DocketNumber: 03-2905
Judges: Coffey, Easterbrook, Evans
Filed Date: 11/22/2005
Status: Non-Precedential
Modified Date: 11/5/2024
UNPUBLISHED ORDER Not to be cited per Circuit Rule 53 United States Court of Appeals For the Seventh Circuit Chicago, Illinois 60604 November 22, 2005 Before Hon. JOHN L. COFFEY, Circuit Judge Hon. FRANK H. EASTERBROOK, Circuit Judge Hon. TERENCE T. EVANS, Circuit Judge No. 03-2905 UNITED STATES OF AMERICA, Appeal from the United States Plaintiff-Appellee, District Court for the Southern District of Indiana, Indianapolis Division. v. No. 02 CR 93 MELVIN GIRTON, JR., Defendant-Appellant. Larry J. McKinney, Chief Judge.
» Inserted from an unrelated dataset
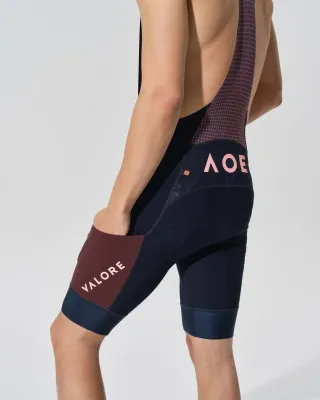 VALORE STRAODINARIO BIB-SHORTS NAVY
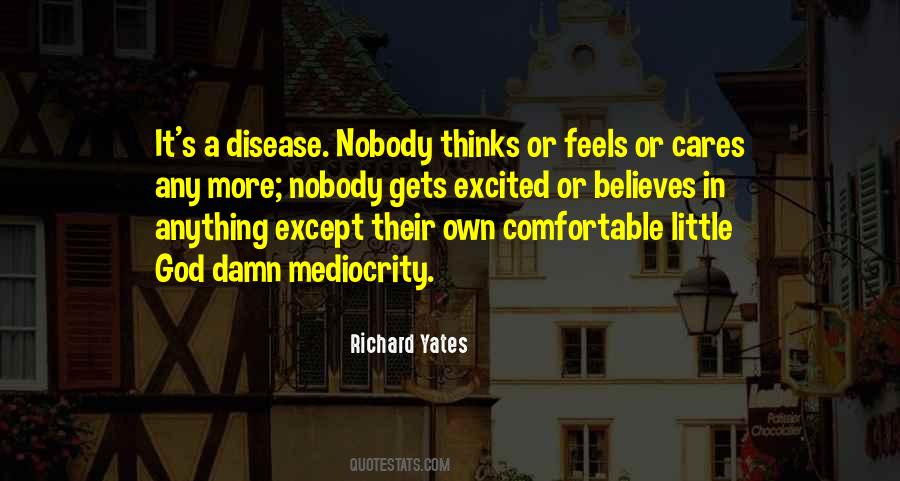 Richard Yates Quotes #160536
ORDER Melvin Girton, Jr. was convicted of one count of conspiracy,18 U.S.C. § 371
, and three counts of mail fraud,18 U.S.C. § 1341
, for his role in a mortgage fraud scheme. He was sentenced to 44 months imprisonment. Following a timely appeal, we affirmed his conviction, and Girton filed a petition for rehearing and suggestion for rehearing en banc. While his petition was pending, the Supreme Court decided Blakely v. Washington,124 S. Ct. 2531
(2004). In a supplement to his rehearing petition, Girton claimed that the district court erred in increasing his sentence based on its calculation of the amount of loss, a fact not found by the jury. And then came United States v. Booker,125 S. Ct. 738
(2005). After Booker, and pursuant to the procedures announced in United States v. Paladino,401 F.3d 471
(7th Cir. 2005), we ordered a limited remand of this case to the district court. The district court, on our limited remand, has determined that it would impose the same sentence upon Mr. Girton if it had known at the time of sentencing that the guidelines were No. 03-2905 2 advisory. After the district court gave us its views, we invited the parties to respond, and both have done so. A sentence within a properly calculated guideline range is entitled to a rebuttable presumption of reasonableness and is reviewed, by us, deferentially. United States v. Mykytiuk,415 F.3d 606
(7th Cir. 2005). The sentence Mr. Girton received here is consistent with the sentences of many codefendants who were also convicted in this case. And nothing here even remotely suggests that the 44-month sentence imposed is unreasonable. Accordingly, we DENY Mr. Girton’s petition for rehearing and, because no judge has called for a vote on the petition for rehearing en banc, that petition is also DENIED. With this action, this case is closed.